M. Hakan Kıran (born 1962) is a Turkish architect, noted for his buildings in Istanbul. He is probably best known for designing the Golden Horn Metro Bridge with Michel Virlogeux, in which he was responsible for the architectural design and the construction supervision. He founded Hakan Kiran Architecture and Building Services in 1989.

==Early years==
Born 1962 in Ankara, Hakan Kıran grew up in a mining town, which was constructed by the French. The extraordinary concept of his hometown impressed him. Much liked the town's planning, he steered for studying architecture.

In 1980, he entered State Academy of Fine Arts in Istanbul (İstanbul Devlet Güzel Sanatlar Akademisi, İDGSA), today Mimar Sinan Fine Arts University to study architecture. After graduation in 1989, Kıran made a Master's degree ln art restoration at his alma mater.

During his education and some time after, he worked in an architecture office and gained experience.

==Career==
Hakan Kıran established his own office in 1989, and worked until 1998 on conservation projects of very important historical buildings.

His first main architectural design project was "Mydonose Showland" in 1998, an entertainment center in the form of a giant pyramid tent across Atatürk International Airport in Bakırköy district. However the complex, renamed later to Istanbul Show Center (Istanbul Gösteri Merkezi), was demolished in 2009 after a fire destroyed it in April that year.

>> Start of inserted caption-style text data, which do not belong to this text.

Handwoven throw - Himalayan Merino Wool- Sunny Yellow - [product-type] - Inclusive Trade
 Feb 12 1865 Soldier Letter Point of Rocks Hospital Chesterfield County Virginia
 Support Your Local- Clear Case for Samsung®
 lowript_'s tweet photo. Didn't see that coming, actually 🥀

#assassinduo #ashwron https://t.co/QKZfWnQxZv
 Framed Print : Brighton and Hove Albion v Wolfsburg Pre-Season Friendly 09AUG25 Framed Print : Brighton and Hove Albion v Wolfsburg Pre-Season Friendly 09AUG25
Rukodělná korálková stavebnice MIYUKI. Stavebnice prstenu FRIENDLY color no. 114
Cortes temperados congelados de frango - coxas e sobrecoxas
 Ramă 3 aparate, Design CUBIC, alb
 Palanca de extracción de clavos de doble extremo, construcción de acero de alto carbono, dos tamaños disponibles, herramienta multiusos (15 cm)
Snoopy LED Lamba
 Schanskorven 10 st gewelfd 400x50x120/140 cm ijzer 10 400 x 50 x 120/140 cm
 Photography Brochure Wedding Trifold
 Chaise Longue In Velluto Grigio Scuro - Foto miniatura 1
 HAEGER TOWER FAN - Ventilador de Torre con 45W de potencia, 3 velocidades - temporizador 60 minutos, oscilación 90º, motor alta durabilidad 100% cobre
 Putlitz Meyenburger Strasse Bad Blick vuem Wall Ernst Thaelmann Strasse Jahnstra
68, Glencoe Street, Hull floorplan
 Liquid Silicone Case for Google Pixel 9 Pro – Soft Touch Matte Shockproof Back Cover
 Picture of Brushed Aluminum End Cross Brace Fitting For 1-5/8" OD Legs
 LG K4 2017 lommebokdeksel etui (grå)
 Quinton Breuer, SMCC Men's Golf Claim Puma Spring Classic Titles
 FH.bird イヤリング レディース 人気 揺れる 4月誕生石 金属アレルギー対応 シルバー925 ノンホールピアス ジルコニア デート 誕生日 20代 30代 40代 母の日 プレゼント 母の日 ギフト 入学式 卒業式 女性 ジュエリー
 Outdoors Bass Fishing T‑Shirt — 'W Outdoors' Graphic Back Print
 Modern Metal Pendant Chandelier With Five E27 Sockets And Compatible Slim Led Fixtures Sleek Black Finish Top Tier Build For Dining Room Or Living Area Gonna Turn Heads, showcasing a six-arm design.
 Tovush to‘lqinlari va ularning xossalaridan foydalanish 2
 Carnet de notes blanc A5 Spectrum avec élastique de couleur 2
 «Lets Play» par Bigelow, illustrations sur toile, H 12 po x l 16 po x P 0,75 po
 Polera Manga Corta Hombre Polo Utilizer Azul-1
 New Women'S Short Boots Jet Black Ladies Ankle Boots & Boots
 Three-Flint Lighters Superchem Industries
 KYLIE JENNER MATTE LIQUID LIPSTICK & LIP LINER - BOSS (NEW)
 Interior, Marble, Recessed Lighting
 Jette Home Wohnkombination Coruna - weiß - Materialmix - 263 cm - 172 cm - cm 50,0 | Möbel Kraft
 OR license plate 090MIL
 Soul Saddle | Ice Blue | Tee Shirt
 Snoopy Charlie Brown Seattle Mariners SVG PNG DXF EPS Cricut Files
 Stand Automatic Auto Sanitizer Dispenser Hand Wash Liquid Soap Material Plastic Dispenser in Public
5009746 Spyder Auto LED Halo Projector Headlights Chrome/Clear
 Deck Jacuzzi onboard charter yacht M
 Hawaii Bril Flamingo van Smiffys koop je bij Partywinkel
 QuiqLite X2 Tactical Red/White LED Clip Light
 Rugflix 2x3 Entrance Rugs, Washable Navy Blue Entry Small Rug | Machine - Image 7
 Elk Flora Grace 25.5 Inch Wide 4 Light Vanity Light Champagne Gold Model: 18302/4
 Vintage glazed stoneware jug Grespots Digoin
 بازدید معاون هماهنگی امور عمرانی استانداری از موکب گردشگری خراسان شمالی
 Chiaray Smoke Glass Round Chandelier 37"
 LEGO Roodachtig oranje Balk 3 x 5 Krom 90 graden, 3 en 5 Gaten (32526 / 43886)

In 2004, he designed the Golden Horn Metro Bridge, which was commissioned by the Istanbul Metropolitan Municipality. The cable-stayed bridge has a swing bridge at one end and features a metro station in the middle. Its realization took almost ten years as a result of revisions needed to comply with UNESCO regulations requiring it not to disturb the old city's skyline.

He designed and built a project named "Larus Palas" worth US$30 million in the Göktürk neighborhood of Istanbul's Eyüp district, which was completed in 2013 and consists of 82 domiciles, 18 stores as well as facilities for sports, recreation and social activities.

==Family life==
Hakan Kıran's wife Tülin is an interior architect, who works in her husband's practice. The Kırans have two daughters and a son.

==Awards==
In 2011, Kıran won the "International Property Award for Mixed-use Architecture", organized jointly by Google and Bloomberg TV, for his design of the "Sancaktepe Rings Istanbul Shopping Mall & Residential Project", which features 1,500 domiciles, a shopping mall and social facilities built on 230000 m2 in Sancaktepe district of Istanbul.